The Jeff Bezos owned Washington Post in particular has been particularly sensitive the last few weeks, repeatedly rushing to the defense of oppressed American billionaires with a series of painfully silly editorials:



There's a certain hilarious, sad desperation to it.

Bezos bought the Washington Post back in 2013. He remained a fairly passive owner for a while, but as Trump authoritarianism took root he began to more forcefully bend the paper to his financial interests. This always happens with corporate media sooner or later, regardless of breathless claims that editorial is firewalled from affluent ownership.

As is usually the case, this resulted in mass layoffs, "leadership" shifts, and a steady degradation of the Post's already-sagging quality.

There are still journalists I know and admire who are doing good work there, but I suspect they're not sleeping comfortably.

Bezos recently fired all of the paper’s black opinion columnists, censored a cartoonist that criticized Jeff, and proudly announced the paper's op-ed section would now be a safe space for corporatist race and class agitprop, equal parts cultural misinformation and lazy engagement trolling.

The amusing part to me is that billionaires like Bezos and Ellison have all the money in the world, but are somehow incapable of crafting decent agitprop that doesn't waste your time. Because they're drowning in daily sycophancy by subservient trust fund brunchlords, they lack the awareness to even notice.

This piece, for example, tries to clap back at AOC's criticism that you don't "earn" a billion dollars (because getting that rich generally requires labor exploitation of one kind or another). This offended the Washington Post editorial board so deeply they felt inspired to pen a missive, speaking by and for the paper, that feels like it was written by a dim child:

If someone becomes a billionaire selling expensive shoes, it’s because people want and are willing to pay for them. That’s something to celebrate, not admonish.There are indeed idle rich who didn’t do much to make their money.

A bigger share of them live in Europe, with its history of hereditary nobility, than in America. To say that it’s impossible to legitimately earn a billion dollars is to put an arbitrary limit on human potential.

And presuming that anyone who becomes too successful must be cheating shows a lack of imagination as to what humans are capable of accomplishing in a free society.

Above everything that's just bad writing.
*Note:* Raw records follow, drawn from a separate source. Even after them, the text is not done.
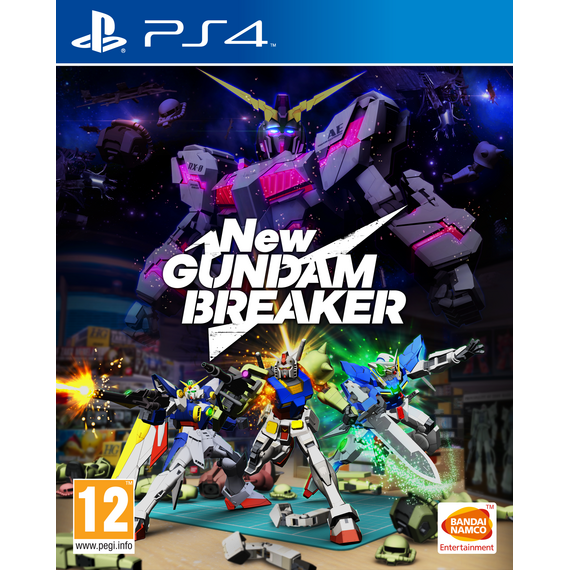 New Gundam Breaker - PlayStation 4 - PlayStation 4 - Games - Namco Bandai - Action - Standard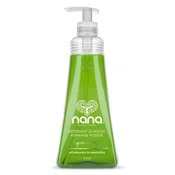 NANA DETERGENT ZA ROČNO POMIVANJE POSODE ČAJEVEC IN META EKO, 515 ml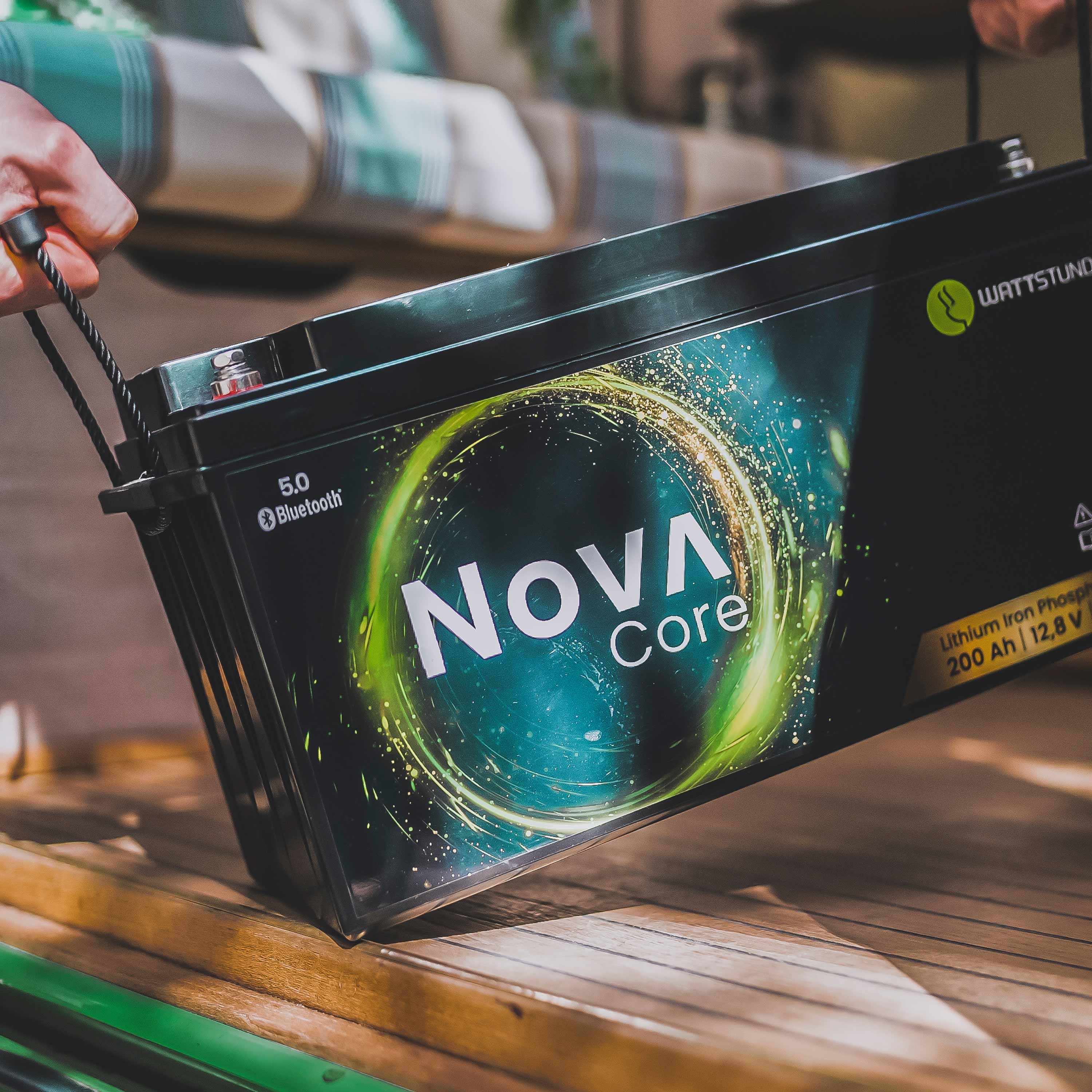 WATTSTUNDE® NOVA Core 200 Ah battery LiFePO4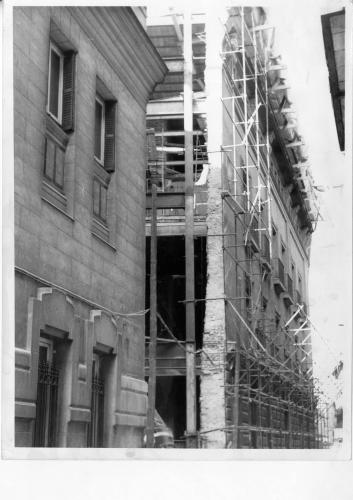 Palacio de Goyeneche. Obras de rehabilitación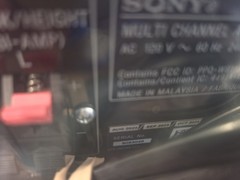 Sony STR-DH790 7.2ch 4K HDR AV Home Theater Receiver Dolby Atmos REFURBISHED
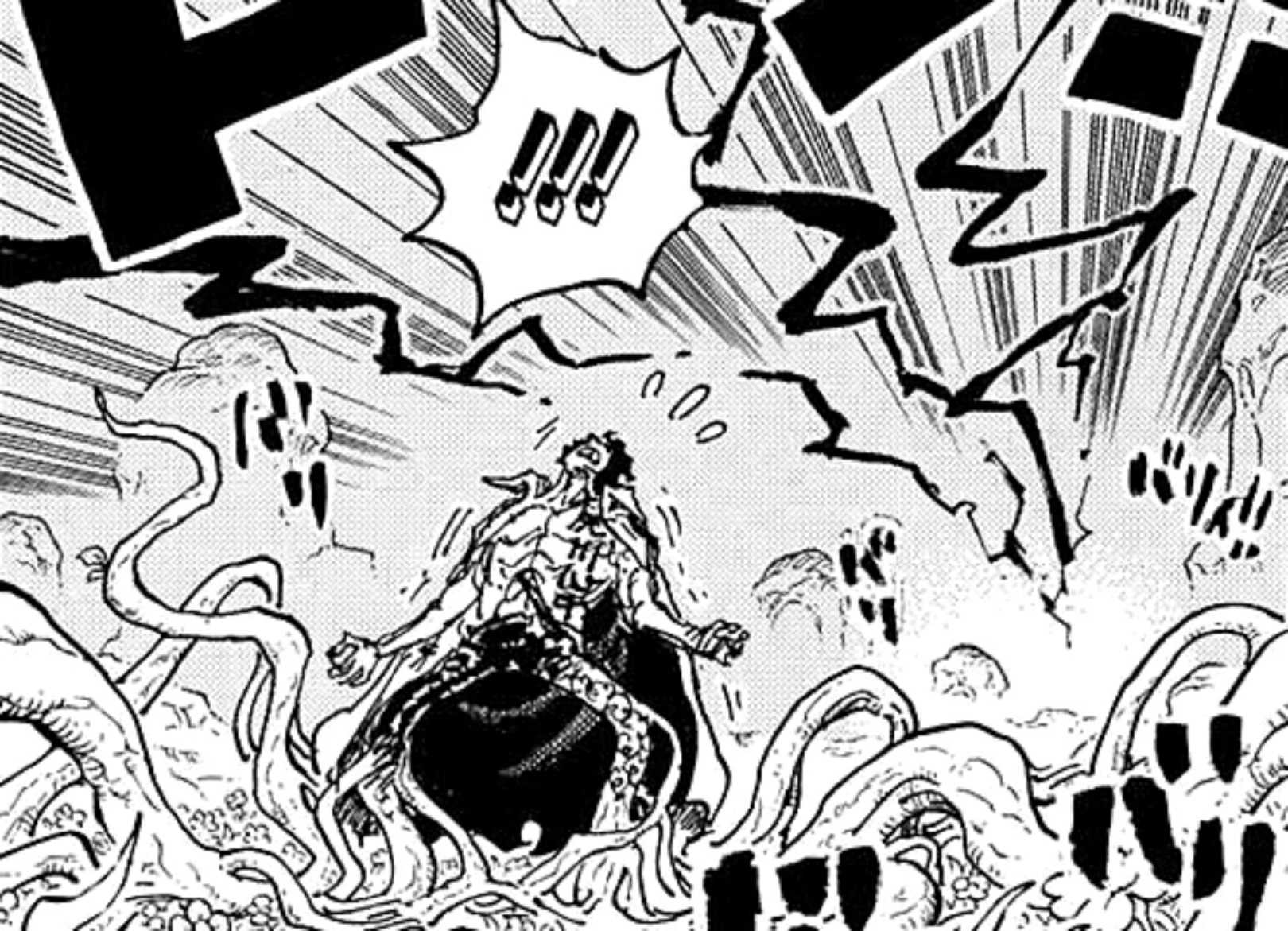 Get to Know Admiral Aramaki, the Mysterious Marine Who Survived Shanks' Haoshoku Haki in One Piece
It reminded me of when I was twelve years old and won a $100 award from the American Legion for a short essay on patriotism. I told them what they wanted to hear about American exceptionalism and was rewarded for it. The WAPO editorial section is now just that, but somehow dumber, but infused with AI.

The hollowness of the arguments aside, I'm not sure who this stuff is supposed to be for. The Washington Post has seen a mass defection of readership since Bezos chose to hollow out whatever was left of the paper's credibility. People will watch or read all manner of terrible shit, but they very obviously don't want this.

Billionaires seem to be of the impression that they can hollow out the foundational cornerstones of informed consensus, fill it with cottage cheese and marshmallow, then proceed normally as if nothing had happened, confident that they'll reap the same reputational influence despite taking a hatchet to structural integrity.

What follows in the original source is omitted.